This isn’t a partisan problem. It’s an elitism problem. The powers thought the stupid provincials would shut up and do as they were told. Wrong. We’re not dumb, and the GOP may be witnessing the start of a series of corrective actions by the voters who are determined to reclaim their party from elitist moderate liberals.

Jun 29, 2007 - 5:02 am 2. danipt99:

This immigration bill was backed by an overwhelming Democratic majority - will they “spin” this outcome to advance their party….sure they will. It was a win-win situation for the Democrats. If it was passed - they had millions of potential “new” voters - if it wsan’t passed - they blame the GOP. Pathetic politics is all…

Jun 29, 2007 - 7:15 am 3. marisa elise:

dave catbones nails it! I can never believe how out of touch our politicians and upper class are.
They import thousands of Burundis, for example, but do you think the elites live anywhere near the trouble the elites import and think up?

one example of millions…. oh Lord, for an honest politician!?!

Jun 29, 2007 - 8:03 am 4. Gilbert Brahms:

2008 will be a hard year for any Republican congressional candidate who has displayed the kind of elitist hauteur of a Trent Lott or Lynsey Graham, but don’t think conservatives are going to risk placing the Hildabeast in the White House. Resentment will not run to such suicidal depths.

Jun 29, 2007 - 9:06 am 5. Carole:

Demand that Mel Martinez step down as the face of the GOP…Demand money from any contributions etc. be returned.

Jun 29, 2007 - 9:33 am 6. M. A. George:

Oh, boy. Do they really think we will forget the insults and slanders so casually tossed out at us? They are counting on the proverbial short attention span of the American voter. Not this time, pal. Lott and Graham and their ilk have disgusted us so thoroughly that their infamy is burned into our provincial little Republican souls. Now, we know what they really think of those who have voted for them, supported them, and taken endless bull-cr*p for them. No more.

Jun 29, 2007 - 9:59 am 7. El_Cid:

I suggest everyone keep hammering at the border issue. The president (I left it with small p deliberately)had the audacity to tell the Congress to get its act together and give the people what they want .Unbelievable!! Am I having a lucid dream or what?
He is the C.E.O of the executive branch of government and has a duty to execute the laws on the books.! Congress does not execute He does.

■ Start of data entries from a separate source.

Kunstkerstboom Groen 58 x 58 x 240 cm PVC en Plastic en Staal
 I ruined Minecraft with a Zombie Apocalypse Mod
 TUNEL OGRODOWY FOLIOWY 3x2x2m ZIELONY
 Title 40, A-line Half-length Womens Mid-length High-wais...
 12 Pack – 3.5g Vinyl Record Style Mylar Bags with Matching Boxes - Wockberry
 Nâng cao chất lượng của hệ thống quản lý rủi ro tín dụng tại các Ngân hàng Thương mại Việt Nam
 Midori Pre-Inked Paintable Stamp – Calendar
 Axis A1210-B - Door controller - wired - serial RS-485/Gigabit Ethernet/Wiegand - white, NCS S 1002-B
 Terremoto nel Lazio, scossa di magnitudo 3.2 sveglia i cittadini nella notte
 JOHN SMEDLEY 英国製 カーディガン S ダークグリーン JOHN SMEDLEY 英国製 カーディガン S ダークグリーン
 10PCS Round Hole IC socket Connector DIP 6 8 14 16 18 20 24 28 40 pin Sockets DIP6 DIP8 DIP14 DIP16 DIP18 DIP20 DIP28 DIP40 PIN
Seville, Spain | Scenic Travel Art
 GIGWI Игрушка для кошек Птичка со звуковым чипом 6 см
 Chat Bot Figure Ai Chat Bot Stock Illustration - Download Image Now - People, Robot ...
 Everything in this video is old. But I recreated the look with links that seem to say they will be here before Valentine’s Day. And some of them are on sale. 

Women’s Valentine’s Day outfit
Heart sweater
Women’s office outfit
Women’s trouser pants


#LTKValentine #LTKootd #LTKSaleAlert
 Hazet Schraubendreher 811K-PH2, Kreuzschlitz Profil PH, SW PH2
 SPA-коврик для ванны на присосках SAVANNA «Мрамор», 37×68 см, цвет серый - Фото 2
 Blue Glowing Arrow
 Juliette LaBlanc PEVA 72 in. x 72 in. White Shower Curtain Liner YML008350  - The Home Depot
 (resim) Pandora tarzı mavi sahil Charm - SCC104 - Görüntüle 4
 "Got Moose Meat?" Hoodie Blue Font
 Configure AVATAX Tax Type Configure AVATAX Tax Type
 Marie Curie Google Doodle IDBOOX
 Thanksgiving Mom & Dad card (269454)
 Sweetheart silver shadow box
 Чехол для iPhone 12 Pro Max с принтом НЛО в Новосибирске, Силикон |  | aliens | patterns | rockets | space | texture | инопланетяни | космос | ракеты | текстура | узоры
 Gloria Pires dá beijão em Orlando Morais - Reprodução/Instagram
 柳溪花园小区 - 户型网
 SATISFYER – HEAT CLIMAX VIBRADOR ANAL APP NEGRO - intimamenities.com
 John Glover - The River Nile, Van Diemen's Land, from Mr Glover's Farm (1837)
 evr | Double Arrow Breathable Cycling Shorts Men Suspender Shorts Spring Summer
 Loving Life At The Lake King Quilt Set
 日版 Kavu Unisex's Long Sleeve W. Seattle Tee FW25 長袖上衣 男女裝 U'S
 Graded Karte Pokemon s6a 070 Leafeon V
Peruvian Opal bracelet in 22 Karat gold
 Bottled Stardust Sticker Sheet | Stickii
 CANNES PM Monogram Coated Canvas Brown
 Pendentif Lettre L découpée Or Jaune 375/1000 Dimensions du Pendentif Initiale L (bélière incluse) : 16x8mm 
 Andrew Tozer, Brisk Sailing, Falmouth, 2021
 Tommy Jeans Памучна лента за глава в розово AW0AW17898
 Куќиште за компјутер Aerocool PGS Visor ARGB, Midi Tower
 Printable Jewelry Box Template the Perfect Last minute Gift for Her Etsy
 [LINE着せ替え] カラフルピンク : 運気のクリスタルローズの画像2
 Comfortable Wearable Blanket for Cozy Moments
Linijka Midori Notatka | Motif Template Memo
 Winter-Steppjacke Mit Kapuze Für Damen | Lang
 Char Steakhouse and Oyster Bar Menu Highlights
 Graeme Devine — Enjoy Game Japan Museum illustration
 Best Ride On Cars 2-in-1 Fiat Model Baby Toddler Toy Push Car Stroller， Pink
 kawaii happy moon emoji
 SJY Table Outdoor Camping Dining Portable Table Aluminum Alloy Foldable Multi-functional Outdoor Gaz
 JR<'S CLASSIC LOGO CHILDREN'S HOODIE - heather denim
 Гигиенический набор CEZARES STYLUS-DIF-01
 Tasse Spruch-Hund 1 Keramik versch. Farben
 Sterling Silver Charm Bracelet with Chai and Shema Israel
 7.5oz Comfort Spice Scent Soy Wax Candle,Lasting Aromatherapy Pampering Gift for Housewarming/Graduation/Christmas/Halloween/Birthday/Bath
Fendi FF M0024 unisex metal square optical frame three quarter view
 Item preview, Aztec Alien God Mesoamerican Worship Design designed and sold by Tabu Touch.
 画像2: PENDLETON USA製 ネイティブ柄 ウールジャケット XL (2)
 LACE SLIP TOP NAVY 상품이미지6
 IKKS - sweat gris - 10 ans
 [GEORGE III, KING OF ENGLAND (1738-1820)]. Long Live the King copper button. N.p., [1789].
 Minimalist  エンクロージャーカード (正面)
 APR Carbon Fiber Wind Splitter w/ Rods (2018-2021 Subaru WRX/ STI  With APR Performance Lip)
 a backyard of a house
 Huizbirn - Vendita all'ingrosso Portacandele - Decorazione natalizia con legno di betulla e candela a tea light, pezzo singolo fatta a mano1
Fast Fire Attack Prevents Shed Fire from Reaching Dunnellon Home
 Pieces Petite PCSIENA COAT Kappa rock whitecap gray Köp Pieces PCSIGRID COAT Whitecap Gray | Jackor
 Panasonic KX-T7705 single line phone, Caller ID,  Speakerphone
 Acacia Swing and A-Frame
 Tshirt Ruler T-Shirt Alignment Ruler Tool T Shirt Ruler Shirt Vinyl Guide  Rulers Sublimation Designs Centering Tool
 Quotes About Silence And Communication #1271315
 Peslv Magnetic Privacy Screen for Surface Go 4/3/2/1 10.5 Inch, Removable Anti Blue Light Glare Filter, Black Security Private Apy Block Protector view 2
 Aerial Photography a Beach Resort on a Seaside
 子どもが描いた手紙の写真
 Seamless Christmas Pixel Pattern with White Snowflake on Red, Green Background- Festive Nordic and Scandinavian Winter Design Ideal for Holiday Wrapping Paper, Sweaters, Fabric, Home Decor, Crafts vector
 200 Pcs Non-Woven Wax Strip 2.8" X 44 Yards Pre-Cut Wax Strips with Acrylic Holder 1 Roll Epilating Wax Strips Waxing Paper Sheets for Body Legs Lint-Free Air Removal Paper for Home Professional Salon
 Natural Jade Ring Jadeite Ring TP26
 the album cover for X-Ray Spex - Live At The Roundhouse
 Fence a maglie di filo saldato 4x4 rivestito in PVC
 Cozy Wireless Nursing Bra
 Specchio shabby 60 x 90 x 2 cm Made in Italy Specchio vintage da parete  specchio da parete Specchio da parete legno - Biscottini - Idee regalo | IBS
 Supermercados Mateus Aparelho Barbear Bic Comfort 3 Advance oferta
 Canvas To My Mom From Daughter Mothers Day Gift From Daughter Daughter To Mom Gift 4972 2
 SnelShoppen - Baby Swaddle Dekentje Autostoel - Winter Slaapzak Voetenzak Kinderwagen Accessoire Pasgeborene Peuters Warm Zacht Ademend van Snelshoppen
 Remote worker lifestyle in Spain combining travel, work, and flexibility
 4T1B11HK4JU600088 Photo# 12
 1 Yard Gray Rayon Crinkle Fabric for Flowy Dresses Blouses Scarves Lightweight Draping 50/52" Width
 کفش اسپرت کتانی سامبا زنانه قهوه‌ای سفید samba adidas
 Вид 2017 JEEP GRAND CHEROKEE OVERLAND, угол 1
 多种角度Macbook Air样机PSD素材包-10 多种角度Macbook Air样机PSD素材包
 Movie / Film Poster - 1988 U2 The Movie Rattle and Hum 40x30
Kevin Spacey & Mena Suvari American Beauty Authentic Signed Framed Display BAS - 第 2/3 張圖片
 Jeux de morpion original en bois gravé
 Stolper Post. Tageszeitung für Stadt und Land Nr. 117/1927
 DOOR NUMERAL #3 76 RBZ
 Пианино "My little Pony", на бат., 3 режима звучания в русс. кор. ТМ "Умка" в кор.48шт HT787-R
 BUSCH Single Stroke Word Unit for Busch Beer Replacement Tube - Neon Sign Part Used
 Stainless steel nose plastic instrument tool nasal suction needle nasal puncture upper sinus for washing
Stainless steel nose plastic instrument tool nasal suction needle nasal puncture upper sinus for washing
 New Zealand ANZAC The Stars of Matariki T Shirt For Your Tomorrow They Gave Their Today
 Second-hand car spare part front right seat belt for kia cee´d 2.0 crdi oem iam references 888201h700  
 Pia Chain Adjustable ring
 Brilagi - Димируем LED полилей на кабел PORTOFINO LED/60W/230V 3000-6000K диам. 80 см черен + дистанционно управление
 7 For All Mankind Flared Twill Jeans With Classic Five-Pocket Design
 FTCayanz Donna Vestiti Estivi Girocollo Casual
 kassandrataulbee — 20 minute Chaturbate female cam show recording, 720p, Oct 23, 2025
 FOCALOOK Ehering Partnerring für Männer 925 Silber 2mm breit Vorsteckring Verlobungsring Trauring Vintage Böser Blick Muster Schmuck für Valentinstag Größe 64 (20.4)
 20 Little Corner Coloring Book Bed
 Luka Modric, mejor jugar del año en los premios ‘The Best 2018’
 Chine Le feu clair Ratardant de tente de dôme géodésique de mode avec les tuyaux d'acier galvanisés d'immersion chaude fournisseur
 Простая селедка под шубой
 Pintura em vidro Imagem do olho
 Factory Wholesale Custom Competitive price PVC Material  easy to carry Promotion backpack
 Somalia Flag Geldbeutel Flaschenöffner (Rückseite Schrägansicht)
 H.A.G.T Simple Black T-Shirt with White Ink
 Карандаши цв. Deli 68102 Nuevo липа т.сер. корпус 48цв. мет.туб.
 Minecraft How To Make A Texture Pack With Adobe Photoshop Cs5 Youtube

Chertoff should have been at the border with binoculars instead of worrying about the price of a head of lettuce and skateboarding thru the Senate trying to convince other Senators everything is ok. This scenario is laughable even though I know its serious.

I cannot believe he and his transnational cabal of senators think we are still uninformed. The Jig is up. We know, we listen, we watch, we learn.

Its simple..start jailing the employers who knowingly hire illegals, and I garanteee that when you demagnetize the magnet..the particles will fall off (Michael Savage and common sense) they will go back home on their own..without us having to run after them like keystone cops. Employers are a lot more manageable and smaller group than 20 million illegals. if you don’t we as Americans will have to seek affirmative action protection for ourselves . Keep the heat on folks. Listen to your radios, stay on the internet at sites like this and Drudge..they are the last high ground we have left.

Jun 29, 2007 - 10:40 am 8. MarkD:

Bush isn’t running. I’m unaware of any Republican contender who supported this bill. Yes, McCain supported it, but he’s going nowhere.

I’m still wondering how a bill opposed three to one by the voters and pushed by the Democratic majority magically drives all Hispanic voters to the Democrats but has no effect on anybody else. I guess blacks are supposed to ignore the fact that the Dems wanted to import more poor people to compete for jobs and benefits. I guess everybody is supposed to ignore the fact that 46 of these arrogant Senators decided that their opinion/idea/political deal was reason enough to ignore the wishes of their constituents, unless their Senator happens to be Republican.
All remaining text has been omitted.